▸ TASK REQUIREMENTS
The answer should contain every record below, output exactly.

START DATA

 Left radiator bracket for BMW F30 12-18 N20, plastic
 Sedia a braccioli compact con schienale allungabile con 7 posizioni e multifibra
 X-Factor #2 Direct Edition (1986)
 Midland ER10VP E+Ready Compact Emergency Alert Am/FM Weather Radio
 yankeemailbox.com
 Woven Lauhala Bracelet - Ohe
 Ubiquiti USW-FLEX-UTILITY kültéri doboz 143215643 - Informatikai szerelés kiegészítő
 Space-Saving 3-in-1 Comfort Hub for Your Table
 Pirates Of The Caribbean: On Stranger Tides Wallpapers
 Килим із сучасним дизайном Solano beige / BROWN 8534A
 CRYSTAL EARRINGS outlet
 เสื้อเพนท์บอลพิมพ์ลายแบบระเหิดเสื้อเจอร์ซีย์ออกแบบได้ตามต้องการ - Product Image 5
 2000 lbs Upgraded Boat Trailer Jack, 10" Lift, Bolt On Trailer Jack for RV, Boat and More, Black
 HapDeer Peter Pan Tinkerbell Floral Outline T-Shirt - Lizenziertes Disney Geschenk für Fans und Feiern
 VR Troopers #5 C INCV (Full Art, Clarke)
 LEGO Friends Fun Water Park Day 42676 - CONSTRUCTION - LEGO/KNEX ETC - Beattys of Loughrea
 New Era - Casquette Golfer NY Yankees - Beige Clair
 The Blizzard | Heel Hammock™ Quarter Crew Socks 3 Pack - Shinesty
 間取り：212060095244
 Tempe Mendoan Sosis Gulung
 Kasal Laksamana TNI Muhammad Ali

END DATA

▸ SOLUTION TO THE EXERCISE
 Left radiator bracket for BMW F30 12-18 N20, plastic
 Sedia a braccioli compact con schienale allungabile con 7 posizioni e multifibra
 X-Factor #2 Direct Edition (1986)
 Midland ER10VP E+Ready Compact Emergency Alert Am/FM Weather Radio
 yankeemailbox.com
 Woven Lauhala Bracelet - Ohe
 Ubiquiti USW-FLEX-UTILITY kültéri doboz 143215643 - Informatikai szerelés kiegészítő
 Space-Saving 3-in-1 Comfort Hub for Your Table
 Pirates Of The Caribbean: On Stranger Tides Wallpapers
 Килим із сучасним дизайном Solano beige / BROWN 8534A
 CRYSTAL EARRINGS outlet
 เสื้อเพนท์บอลพิมพ์ลายแบบระเหิดเสื้อเจอร์ซีย์ออกแบบได้ตามต้องการ - Product Image 5
 2000 lbs Upgraded Boat Trailer Jack, 10" Lift, Bolt On Trailer Jack for RV, Boat and More, Black
 HapDeer Peter Pan Tinkerbell Floral Outline T-Shirt - Lizenziertes Disney Geschenk für Fans und Feiern
 VR Troopers #5 C INCV (Full Art, Clarke)
 LEGO Friends Fun Water Park Day 42676 - CONSTRUCTION - LEGO/KNEX ETC - Beattys of Loughrea
 New Era - Casquette Golfer NY Yankees - Beige Clair
 The Blizzard | Heel Hammock™ Quarter Crew Socks 3 Pack - Shinesty
 間取り：212060095244
 Tempe Mendoan Sosis Gulung
 Kasal Laksamana TNI Muhammad Ali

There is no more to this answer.